_Given records_
================

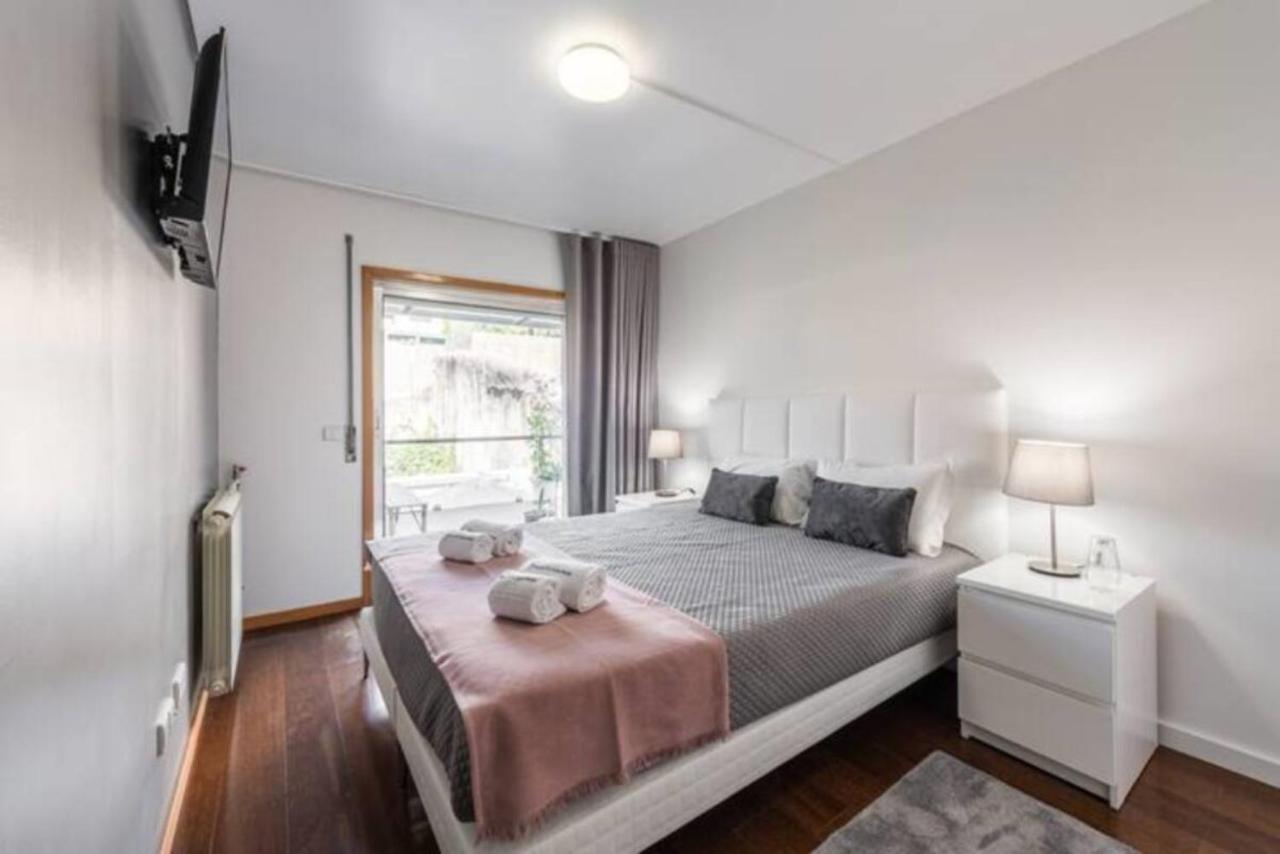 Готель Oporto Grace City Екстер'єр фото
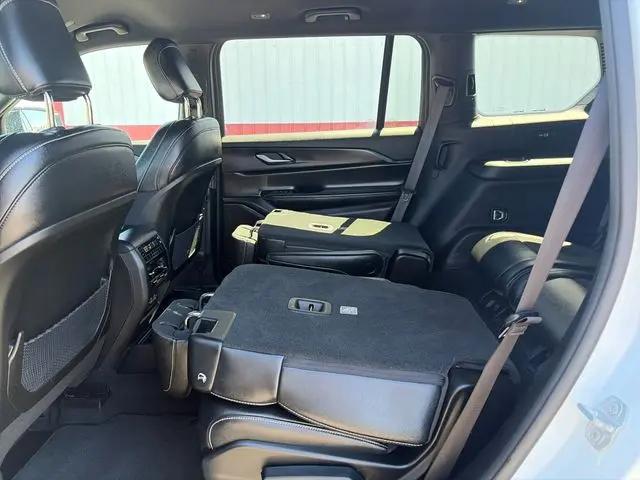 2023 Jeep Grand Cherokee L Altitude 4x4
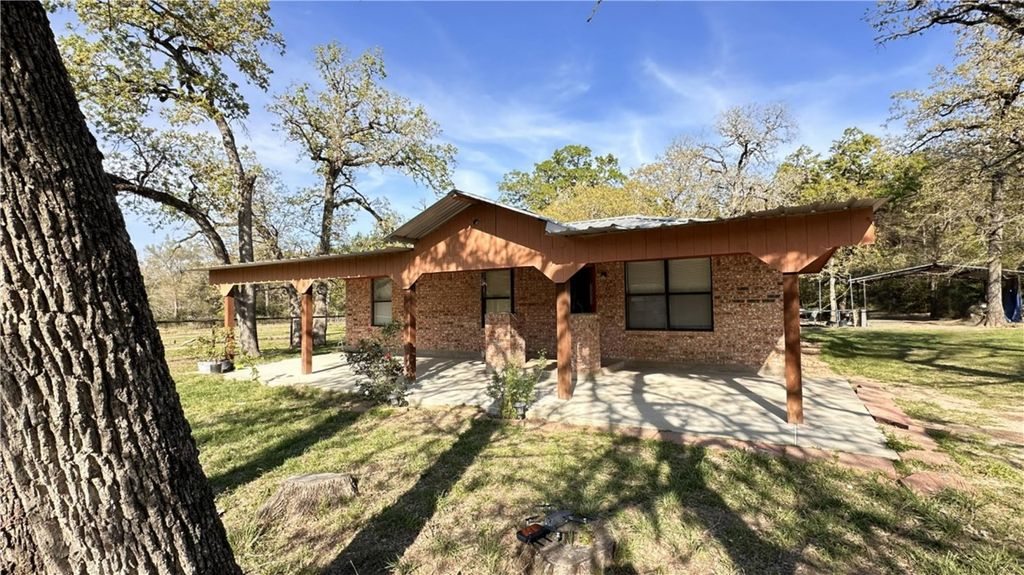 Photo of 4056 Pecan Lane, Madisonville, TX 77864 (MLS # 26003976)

================

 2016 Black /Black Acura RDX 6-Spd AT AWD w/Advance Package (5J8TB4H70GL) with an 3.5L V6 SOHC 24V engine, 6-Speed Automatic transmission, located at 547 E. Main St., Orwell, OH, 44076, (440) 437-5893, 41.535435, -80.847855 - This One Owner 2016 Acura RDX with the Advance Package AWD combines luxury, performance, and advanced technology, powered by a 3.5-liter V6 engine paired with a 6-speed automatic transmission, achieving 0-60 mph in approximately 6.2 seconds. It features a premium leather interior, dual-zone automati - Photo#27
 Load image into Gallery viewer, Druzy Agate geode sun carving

================

All lines above between those holding "2016 Black /Black" and "Load image into", inclusive, must be set down unchanged, and no other line may be included.

 2016 Black /Black Acura RDX 6-Spd AT AWD w/Advance Package (5J8TB4H70GL) with an 3.5L V6 SOHC 24V engine, 6-Speed Automatic transmission, located at 547 E. Main St., Orwell, OH, 44076, (440) 437-5893, 41.535435, -80.847855 - This One Owner 2016 Acura RDX with the Advance Package AWD combines luxury, performance, and advanced technology, powered by a 3.5-liter V6 engine paired with a 6-speed automatic transmission, achieving 0-60 mph in approximately 6.2 seconds. It features a premium leather interior, dual-zone automati - Photo#27
 Load image into Gallery viewer, Druzy Agate geode sun carving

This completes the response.